My new article, which includes a rigorous defense of Emma Bovary, is now up at Metro.
I was glad to have a reason to read Madame Bovary again. The first time I read the novel it didn’t affect me that much. But reading it this time (mostly during one marathon sitting) I found it to be so tragic; my sadness at the end of it may have rivaled my sadness upon finishing Lolita. I guess both Madame Bovary and Lolita have a lot of similarities: a young girl forced into a relationship with a man whose feelings they don’t reciprocate. Almost everyone in these stories is far worse off at the end than they were in the beginning (with Homais as an exception).
I’m still waiting to meet a fellow defender of Emma. I don’t know what it is about literature that makes people so judgmental about characters. The people I speak to seem to suspend their knowledge of their own impulses and circumstances. Emma’s certainly a deeply flawed character, but I really do feel bad for her. Just think of scene where she desperately talks to Leon about literature: this is a luxury I enjoy every day living in New York. I get to be surrounded by readers who are passionate about their books. If this was taken away from me I would cause trouble too.

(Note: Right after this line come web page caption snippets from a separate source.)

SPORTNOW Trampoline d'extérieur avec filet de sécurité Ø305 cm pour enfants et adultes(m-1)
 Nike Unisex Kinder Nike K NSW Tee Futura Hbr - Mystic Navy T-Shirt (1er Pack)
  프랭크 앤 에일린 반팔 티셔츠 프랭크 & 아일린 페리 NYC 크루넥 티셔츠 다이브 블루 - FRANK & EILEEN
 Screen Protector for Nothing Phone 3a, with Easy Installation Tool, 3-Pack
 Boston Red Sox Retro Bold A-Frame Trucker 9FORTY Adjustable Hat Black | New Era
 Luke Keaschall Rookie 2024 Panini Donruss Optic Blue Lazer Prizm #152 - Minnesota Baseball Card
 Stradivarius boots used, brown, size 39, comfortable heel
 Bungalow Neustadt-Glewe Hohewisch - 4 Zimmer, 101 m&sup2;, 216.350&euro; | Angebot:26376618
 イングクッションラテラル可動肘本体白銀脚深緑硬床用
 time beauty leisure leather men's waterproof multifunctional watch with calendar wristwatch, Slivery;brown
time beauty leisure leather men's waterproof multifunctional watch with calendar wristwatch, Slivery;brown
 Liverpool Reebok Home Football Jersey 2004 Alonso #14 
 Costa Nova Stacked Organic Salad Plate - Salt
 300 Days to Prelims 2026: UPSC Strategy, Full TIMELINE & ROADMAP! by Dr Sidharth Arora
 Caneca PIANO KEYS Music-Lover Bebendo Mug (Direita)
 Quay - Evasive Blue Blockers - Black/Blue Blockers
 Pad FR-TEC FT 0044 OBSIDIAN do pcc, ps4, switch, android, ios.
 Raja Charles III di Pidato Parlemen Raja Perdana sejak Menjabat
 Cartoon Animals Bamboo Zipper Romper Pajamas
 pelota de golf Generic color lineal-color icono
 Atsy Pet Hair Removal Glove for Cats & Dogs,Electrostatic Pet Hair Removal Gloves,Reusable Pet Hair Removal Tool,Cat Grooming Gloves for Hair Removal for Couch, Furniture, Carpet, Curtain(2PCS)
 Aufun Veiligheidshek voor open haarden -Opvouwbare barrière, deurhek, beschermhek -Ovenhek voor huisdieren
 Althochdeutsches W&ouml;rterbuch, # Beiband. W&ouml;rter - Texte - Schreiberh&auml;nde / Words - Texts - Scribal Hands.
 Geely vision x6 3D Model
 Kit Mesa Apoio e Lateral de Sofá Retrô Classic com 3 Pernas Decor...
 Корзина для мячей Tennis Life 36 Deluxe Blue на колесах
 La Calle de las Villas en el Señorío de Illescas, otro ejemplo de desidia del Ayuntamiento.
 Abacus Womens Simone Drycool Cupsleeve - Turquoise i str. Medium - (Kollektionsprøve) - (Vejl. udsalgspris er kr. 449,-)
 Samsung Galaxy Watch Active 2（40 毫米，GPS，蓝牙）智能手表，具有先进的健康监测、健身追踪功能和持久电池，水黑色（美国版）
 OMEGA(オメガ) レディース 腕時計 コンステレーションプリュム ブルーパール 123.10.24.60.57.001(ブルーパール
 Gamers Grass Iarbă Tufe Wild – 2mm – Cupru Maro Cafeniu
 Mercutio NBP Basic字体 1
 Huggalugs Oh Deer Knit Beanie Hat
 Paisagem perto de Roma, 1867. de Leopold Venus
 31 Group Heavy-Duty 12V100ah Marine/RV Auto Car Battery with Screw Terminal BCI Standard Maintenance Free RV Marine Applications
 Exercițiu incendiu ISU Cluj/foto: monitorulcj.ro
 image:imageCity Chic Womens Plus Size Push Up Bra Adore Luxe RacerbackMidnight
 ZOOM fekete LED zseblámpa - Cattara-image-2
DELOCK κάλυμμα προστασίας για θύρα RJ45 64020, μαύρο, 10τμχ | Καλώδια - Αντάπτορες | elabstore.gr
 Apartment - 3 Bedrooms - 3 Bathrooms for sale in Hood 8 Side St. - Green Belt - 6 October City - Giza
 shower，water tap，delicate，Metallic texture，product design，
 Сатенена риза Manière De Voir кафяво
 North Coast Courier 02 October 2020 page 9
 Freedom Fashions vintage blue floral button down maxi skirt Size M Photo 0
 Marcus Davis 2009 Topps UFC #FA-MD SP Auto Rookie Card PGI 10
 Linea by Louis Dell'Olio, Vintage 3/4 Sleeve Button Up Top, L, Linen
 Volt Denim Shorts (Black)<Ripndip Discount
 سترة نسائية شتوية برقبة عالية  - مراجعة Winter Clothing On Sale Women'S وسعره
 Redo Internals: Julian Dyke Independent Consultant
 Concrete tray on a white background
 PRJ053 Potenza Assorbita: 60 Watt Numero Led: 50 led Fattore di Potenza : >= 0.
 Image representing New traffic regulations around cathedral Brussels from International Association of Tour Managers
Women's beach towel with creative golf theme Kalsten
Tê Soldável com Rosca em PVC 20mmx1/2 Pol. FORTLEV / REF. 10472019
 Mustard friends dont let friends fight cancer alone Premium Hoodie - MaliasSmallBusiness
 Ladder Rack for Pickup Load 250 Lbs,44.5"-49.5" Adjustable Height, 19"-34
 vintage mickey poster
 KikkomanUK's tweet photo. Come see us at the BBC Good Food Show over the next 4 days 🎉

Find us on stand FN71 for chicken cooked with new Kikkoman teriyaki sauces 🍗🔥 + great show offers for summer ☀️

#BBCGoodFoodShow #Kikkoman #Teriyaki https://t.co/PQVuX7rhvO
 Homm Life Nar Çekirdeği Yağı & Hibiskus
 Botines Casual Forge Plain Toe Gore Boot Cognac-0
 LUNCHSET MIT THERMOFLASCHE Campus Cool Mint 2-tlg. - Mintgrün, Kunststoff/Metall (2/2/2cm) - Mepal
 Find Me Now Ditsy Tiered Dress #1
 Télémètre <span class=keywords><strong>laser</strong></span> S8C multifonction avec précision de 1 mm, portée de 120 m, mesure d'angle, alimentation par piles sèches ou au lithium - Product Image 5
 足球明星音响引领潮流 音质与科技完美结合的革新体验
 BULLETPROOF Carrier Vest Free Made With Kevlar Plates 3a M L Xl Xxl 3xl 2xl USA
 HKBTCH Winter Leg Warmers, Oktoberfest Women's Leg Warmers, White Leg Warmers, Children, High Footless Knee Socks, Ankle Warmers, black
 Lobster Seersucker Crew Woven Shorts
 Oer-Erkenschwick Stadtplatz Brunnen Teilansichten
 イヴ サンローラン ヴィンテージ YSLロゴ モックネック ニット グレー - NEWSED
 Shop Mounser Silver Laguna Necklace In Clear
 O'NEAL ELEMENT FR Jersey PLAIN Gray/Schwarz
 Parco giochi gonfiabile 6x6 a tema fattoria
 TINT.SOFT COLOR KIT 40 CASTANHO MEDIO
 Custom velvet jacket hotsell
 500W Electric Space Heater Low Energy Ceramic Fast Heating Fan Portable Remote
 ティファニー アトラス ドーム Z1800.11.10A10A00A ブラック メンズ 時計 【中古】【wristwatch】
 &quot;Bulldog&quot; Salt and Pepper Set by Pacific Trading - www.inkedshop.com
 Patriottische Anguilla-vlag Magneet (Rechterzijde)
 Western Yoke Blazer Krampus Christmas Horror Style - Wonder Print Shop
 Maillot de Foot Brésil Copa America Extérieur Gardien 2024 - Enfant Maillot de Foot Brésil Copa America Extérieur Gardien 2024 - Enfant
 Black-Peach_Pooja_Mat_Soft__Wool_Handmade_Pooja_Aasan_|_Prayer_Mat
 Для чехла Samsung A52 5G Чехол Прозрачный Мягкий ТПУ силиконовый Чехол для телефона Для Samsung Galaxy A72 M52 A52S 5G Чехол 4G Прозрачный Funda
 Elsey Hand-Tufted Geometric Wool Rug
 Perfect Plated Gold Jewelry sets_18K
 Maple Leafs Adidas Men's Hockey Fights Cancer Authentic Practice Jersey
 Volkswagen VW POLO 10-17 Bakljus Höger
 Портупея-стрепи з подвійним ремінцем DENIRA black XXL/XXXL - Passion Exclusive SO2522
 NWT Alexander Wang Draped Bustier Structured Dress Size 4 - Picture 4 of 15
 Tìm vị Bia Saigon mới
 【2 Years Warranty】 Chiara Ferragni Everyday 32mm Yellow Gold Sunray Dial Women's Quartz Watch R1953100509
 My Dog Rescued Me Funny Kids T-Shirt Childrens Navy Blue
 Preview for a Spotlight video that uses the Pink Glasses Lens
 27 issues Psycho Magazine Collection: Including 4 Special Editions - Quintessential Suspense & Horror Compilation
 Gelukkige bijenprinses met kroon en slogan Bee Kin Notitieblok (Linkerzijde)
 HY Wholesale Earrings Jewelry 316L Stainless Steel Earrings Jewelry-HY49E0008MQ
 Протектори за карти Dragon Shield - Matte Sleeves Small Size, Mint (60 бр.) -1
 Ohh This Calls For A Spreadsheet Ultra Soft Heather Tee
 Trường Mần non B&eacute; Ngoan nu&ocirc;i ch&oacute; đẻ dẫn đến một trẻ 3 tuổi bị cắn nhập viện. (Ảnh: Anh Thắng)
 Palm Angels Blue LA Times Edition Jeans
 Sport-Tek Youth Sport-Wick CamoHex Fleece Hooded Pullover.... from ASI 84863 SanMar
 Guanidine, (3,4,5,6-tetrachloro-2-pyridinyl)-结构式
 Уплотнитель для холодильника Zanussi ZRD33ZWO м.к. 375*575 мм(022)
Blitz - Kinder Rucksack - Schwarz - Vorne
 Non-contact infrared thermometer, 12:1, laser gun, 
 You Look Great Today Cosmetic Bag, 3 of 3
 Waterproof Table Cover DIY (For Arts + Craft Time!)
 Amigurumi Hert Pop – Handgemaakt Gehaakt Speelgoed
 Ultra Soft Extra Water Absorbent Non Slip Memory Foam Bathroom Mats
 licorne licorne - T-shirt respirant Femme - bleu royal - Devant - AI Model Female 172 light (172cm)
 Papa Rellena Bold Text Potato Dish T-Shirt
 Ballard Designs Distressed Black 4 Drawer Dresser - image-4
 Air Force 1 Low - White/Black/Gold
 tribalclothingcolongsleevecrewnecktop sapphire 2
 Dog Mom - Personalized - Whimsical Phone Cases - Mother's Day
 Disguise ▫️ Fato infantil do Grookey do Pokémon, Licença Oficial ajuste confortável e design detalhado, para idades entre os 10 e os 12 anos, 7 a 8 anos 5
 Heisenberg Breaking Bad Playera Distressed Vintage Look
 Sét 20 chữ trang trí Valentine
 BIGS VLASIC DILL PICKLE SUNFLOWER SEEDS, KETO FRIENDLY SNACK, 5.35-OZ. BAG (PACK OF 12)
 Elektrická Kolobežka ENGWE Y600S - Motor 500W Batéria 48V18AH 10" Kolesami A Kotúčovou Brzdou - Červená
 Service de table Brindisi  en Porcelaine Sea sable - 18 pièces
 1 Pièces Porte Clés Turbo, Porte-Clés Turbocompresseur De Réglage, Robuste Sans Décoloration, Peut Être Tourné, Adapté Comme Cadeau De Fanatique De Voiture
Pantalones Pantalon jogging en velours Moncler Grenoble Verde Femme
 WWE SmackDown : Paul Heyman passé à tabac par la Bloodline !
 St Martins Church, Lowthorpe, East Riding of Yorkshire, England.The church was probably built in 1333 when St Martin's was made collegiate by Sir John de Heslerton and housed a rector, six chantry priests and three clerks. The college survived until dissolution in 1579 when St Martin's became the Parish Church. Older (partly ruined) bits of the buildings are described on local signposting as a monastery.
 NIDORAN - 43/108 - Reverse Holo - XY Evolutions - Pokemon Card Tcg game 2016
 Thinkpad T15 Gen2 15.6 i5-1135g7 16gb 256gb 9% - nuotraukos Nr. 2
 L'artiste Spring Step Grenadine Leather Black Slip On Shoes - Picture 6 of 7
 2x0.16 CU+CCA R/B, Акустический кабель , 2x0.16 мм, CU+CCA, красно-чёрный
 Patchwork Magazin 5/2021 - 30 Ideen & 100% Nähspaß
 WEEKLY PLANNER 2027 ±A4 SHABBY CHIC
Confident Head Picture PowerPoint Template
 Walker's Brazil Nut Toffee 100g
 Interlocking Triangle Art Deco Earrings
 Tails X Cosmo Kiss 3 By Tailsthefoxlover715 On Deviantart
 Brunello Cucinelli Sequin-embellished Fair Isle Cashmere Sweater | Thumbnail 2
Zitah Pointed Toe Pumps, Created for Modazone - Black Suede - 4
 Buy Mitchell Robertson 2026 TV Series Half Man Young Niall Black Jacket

In a way it reminds me of my intro to Greek Tragedy class in my freshman year of college. We read the Iliad and everyone condemned Helen in the harshest terms. But my professor, (in many ways the person who taught me how to read) insisted that we understand her circumstances. We are all capable of atrocious behavior, especially when we are in love. The fate of cities may not be at stake, but in many ways that’s the only real difference. About eight years after that class I would truly learn this lesson.